Opportunities for R and Python users
Okay. So, for the R users out there that know Shiny, Shiny is a great reason to learn Python. So, here's what I mean by this. So, there's many groups out there that use Python and not R. And knowing Shiny well is a good way to have access to both Python and R shops. So, if you know Shiny for R, you can, I think you can quickly learn Shiny for Python, even if you don't know that much Python to begin with.
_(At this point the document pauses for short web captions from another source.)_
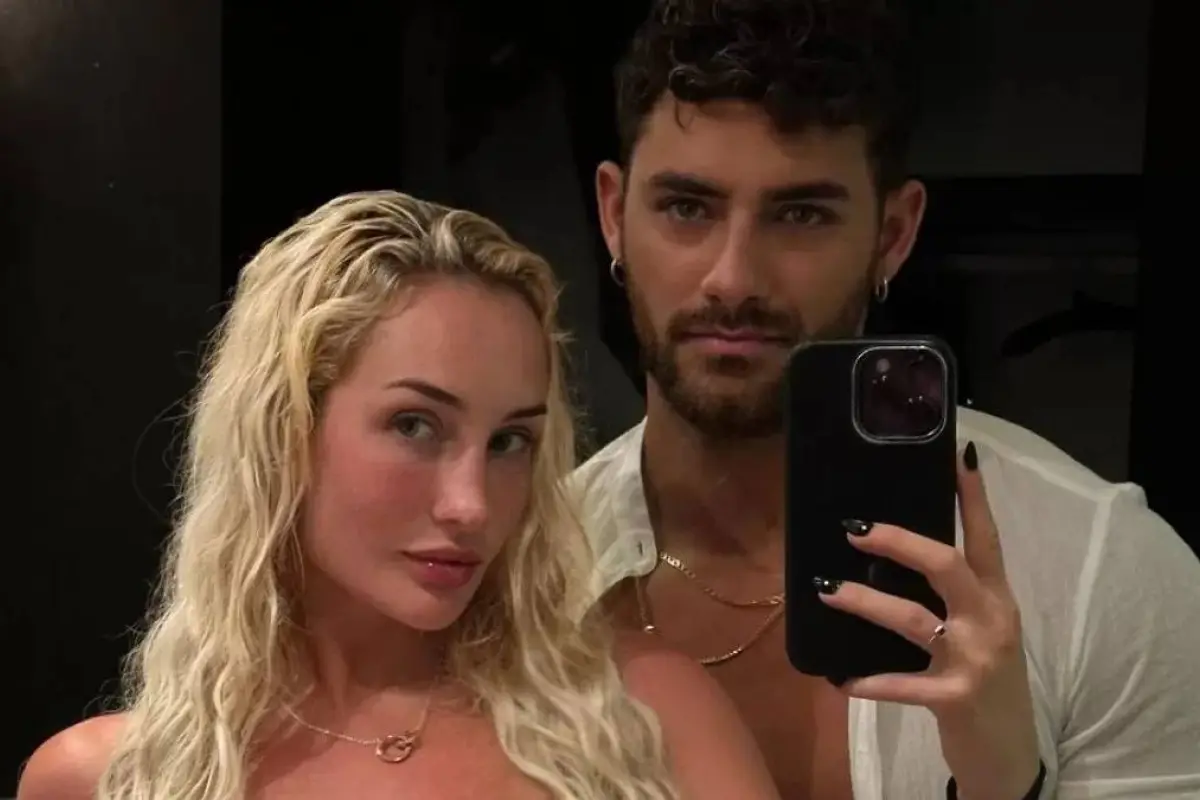 Austin Palao y Fran Maira , Redes sociales | Referencial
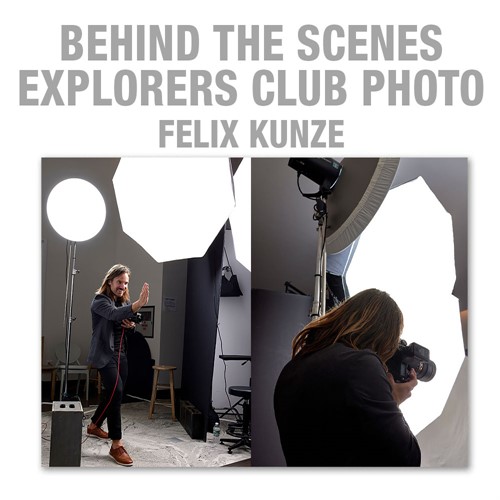Capturing the spirit - Felix Kunze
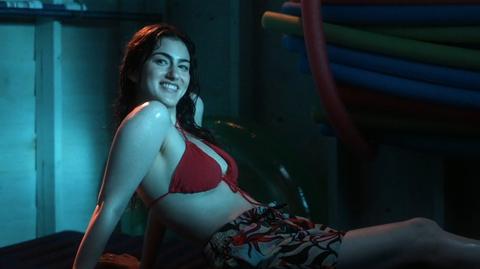 Sexiest Scenes of Zero from Stick. Bikini. 353753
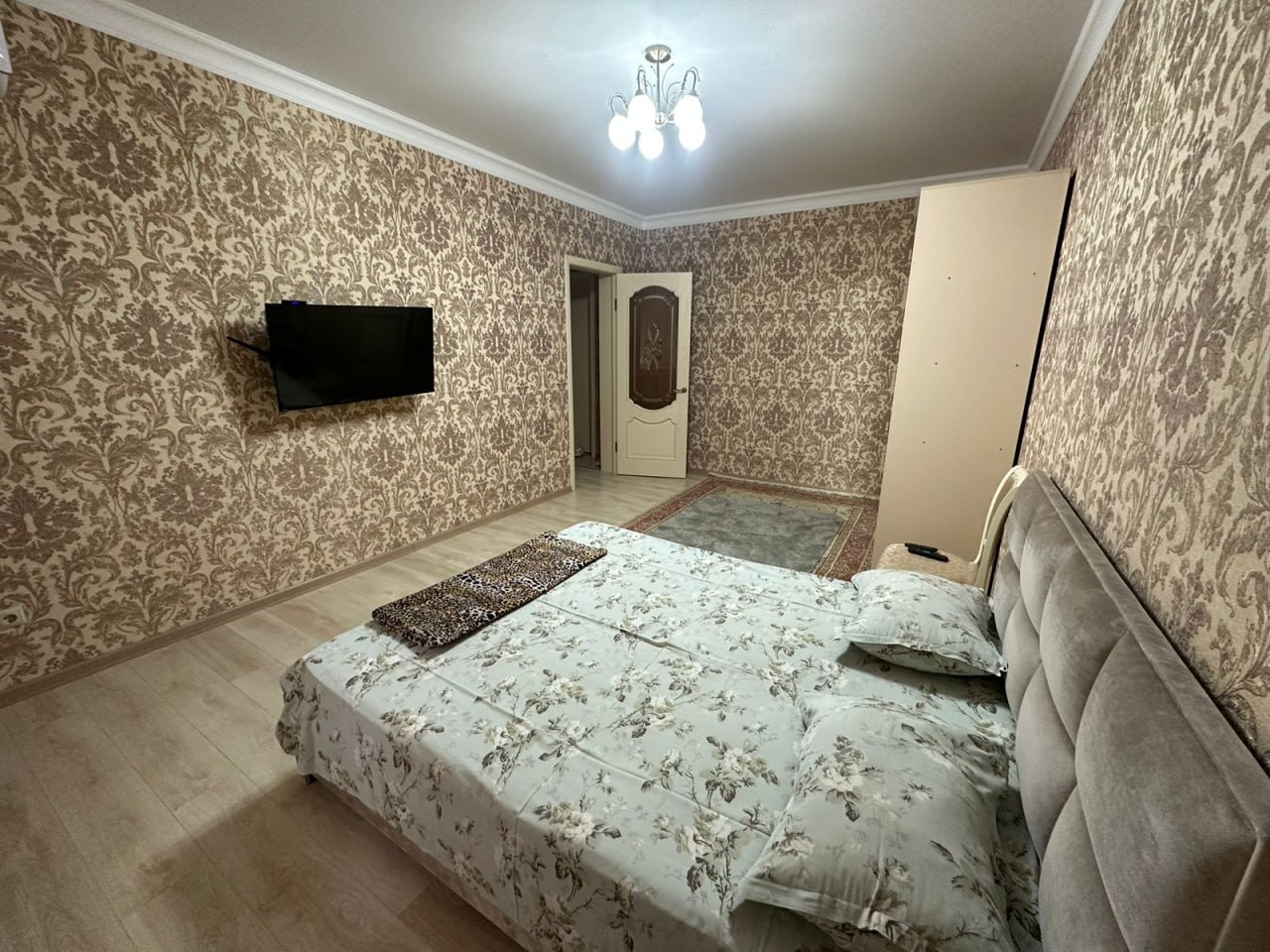 1 комнатная 49 м²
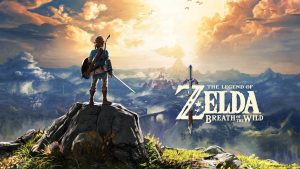 Gameplay de « Legend of Zelda: Breath of the Wild »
And then, and then if you start working with a group that does Python, you can be an expert in something right from the beginning. So, you can be useful right from the beginning with, with a Python group. Whereas, you know, if you just, if you were trying to, if you're, if you just know R, and then you want to start working with some Python people, you might otherwise just have to start from the beginning and be like a total, total novice. But if you're, if you, if you learn Shiny for Python first, you can do something that's really useful and unique right away.
All right. And for Python users, Shiny gives you options. So, if you're a Python user, and you, you learn Shiny for Python, you can create traditional web applications that run on a server. You can create shinylive web applications. And you can use your knowledge to write Shiny for R applications. You know, this, again, if you're just a, it's similar to what I was saying about R users learning Python. If you're a Python user, and you want to learn R, you can transfer that Shiny knowledge and be, over to R and be useful right away. And, and, you know, start working with R users.
And that's it. That's what I have to say. Thank you very much. Thank you for listening to what I have to say.